India: Battered but not beaten
The market anticipation of Fed QE tapering has sent the Indian rupee to record lows. However, India is not a blameless victim. It struggles with fundamental issues constraining economic growth; large twin deficits and a declining investor confidence on the back of inadequate reforms.
Twin deficits put India on top of the hit list
In May, the US Fed Chairman suggested that the Fed will start to lower the pace of asset purchases. In response, investors started selling off assets in high risk markets. Countries with large current account and fiscal deficits have been particularly vulnerable, including India. The Indian rupee has lost 20% of its value against the US dollar since May. The government’s response has so far been rather weak and at times confusing. However, what is needed to calm markets are reforms to boost the potential growth rate, curb inflation and reduce the twin deficits.
Despite the expectation that the twin deficit will persist and that sweeping reforms are unlikely given the elections next year, India does not seem to be heading for a repeat of the 1991 balance-of-payments (BoP) crisis. While several factors look familiar, the economy is stronger today in comparison and the currency is no longer fixed. The foreign exchange (FX) reserves are still at reasonable levels. The FX reserves decreased from USD 288bn end-May to USD 275bn end-August, a 4% decline. Reserves currently cover about five months of imports and over 300% of India’s short-term debt. Although a BoP crisis is not near, India has become more vulnerable. An unexpected spike in oil prices, for example, could put the country at risk.
Economic growth is slowing
The meager 4.4% y-o-y GDP growth in the first quarter (April-June) of the fiscal year (FY) 2013-14 dashed the hope of a good start to the fiscal year.
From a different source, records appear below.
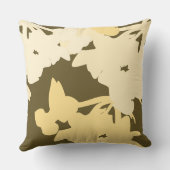 おもしろいイエローバタフライペア クッション (裏面)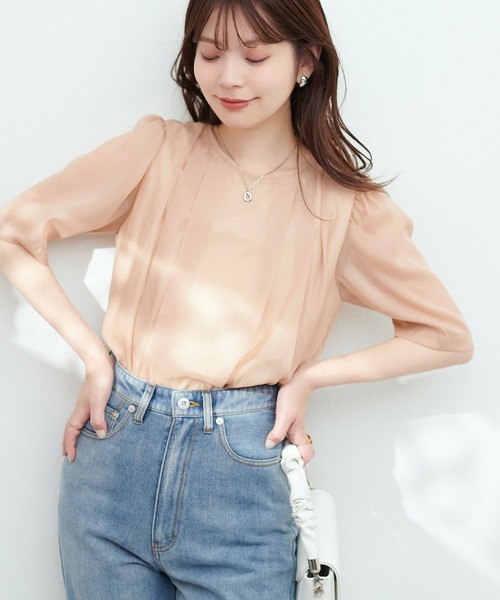 「natural couture」 半袖ブラウス FREE オレンジ レディース_画像6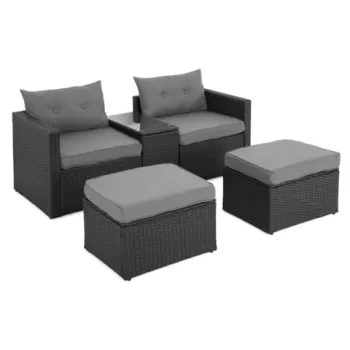 Set mobilier gradina/terasa, 2 fotolii + 2 taburete + masuta, Marti, otel, gri/negru imagine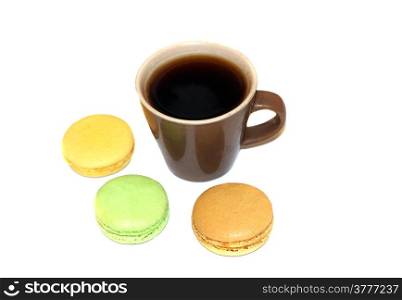 Cup of coffee with macaroon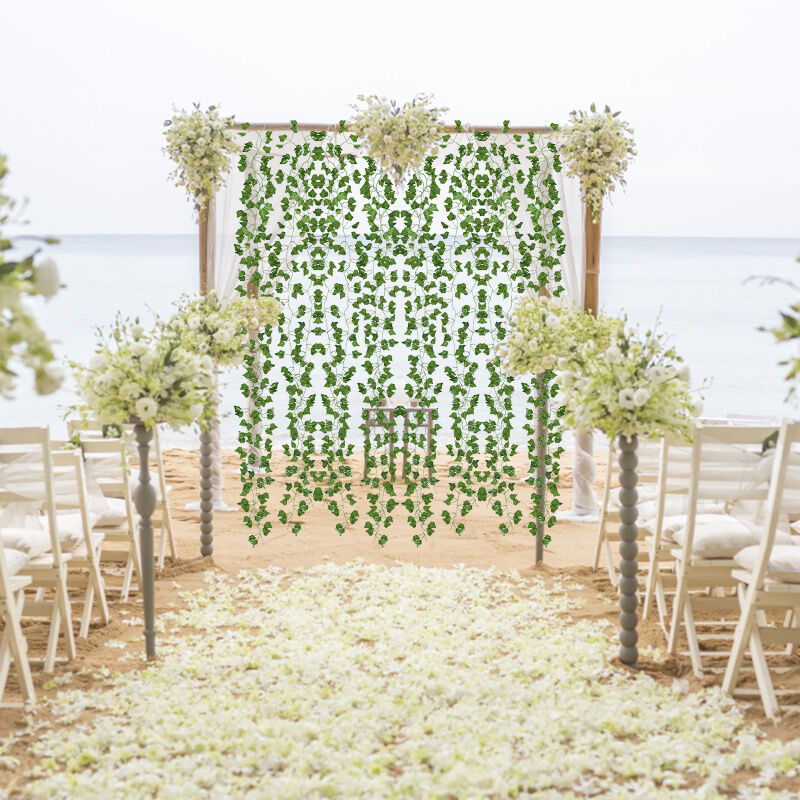 TolleTour Lierre Artificiel Guirlande Chambre 24 Pièces 2.4m Faux Lierre Lieres Artificielles Decoration pour Cuisine Patio Balançoire Mariage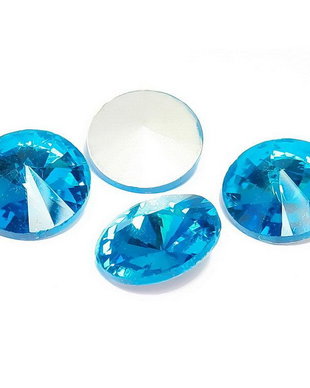 Cabochon din sticla, 10 mm, aquamarine
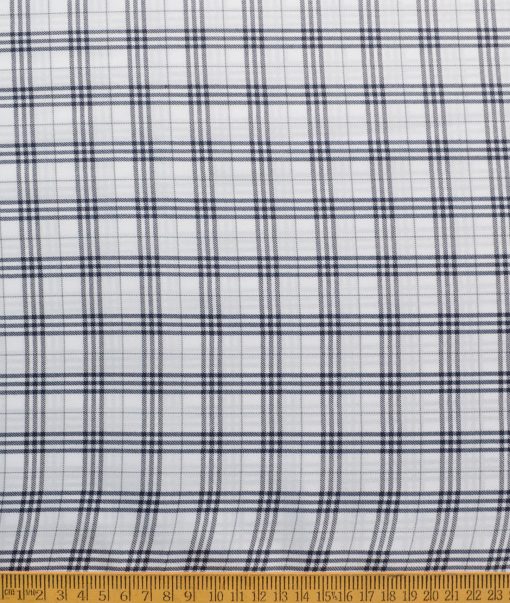 Cotton Fusion Men's Poly Cotton Checks  Unstitched Wrinkle Free Shirting Fabric (White & Blue)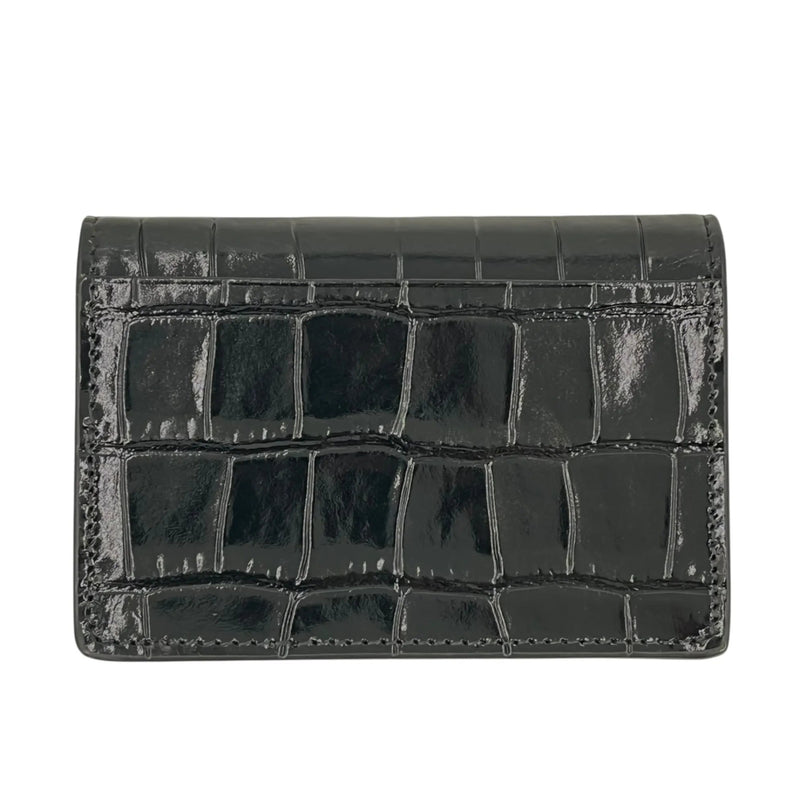 BALENCIAGA Paper Compact Wallet Crocodile - Black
The economy slowed from 4.8% in the fourth quarter of FY2012-13 (Jan-Mar). The slowdown was broad based with most sectors performing weaker than in the previous quarter. The weak performance of manufacturing (-1.2% y-o-y) and mining (-2.8% y-o-y) reflects poor investor confidence. The financial and business services sector continued to grow at 8.9%, but this was lower than the 9.1% in the previous quarter. The agricultural sector recorded a small uptick (2.7%, up from 1.4% in the previous quarter) as it recovered from an erratic and delayed 2012 monsoon.
A strong recovery in the remainder of the fiscal year is not expected given the string of bad news. The HSBC composite PMI was below the 50-point threshold for the second consecutive month in August (47.6). The sub-indicator for manufacturing was 48.5, thereby dropping below the neutral level for the first time since March 2009. The manufacturing PMI had been surprisingly strong in the past months, but reality now seems to have caught up with the Indian producers. Overall, GDP growth is expected to slow further from 5.0% in FY2012-13 to 4-5% in FY2013-14.
Inflation remains a concern
Despite slowing economic growth, inflationary pressures have been on the rise lately. The wholesale price index (WPI), India’s main inflation gauge, increased from 4.6% in May to 5.8% in July, driven by rising food and fuel prices. The former is expected to ease in the coming months, as the monsoon is progressing rather well. However, fuel prices are unlikely to decrease much. In January 2013, the government allowed the oil companies to adjust their prices to reflect input costs. As India has to import most of its oil, the rupee depreciation is putting upward pressure on fuel prices.
After cutting the policy rate three times at the start of 2013 amid declining inflation, the Reserve Bank of India (RBI) has left its policy rate on hold (7.25%) since early May. In August, the RBI took several measures in response to the sliding rupee that resulted in a tightening of monetary policy. While the monetary authorities stated that these measures are only temporary, a quick return to the easing cycle is unlikely given the current volatility of the rupee. Stimulating economic growth through loose monetary policy is therefore not expected.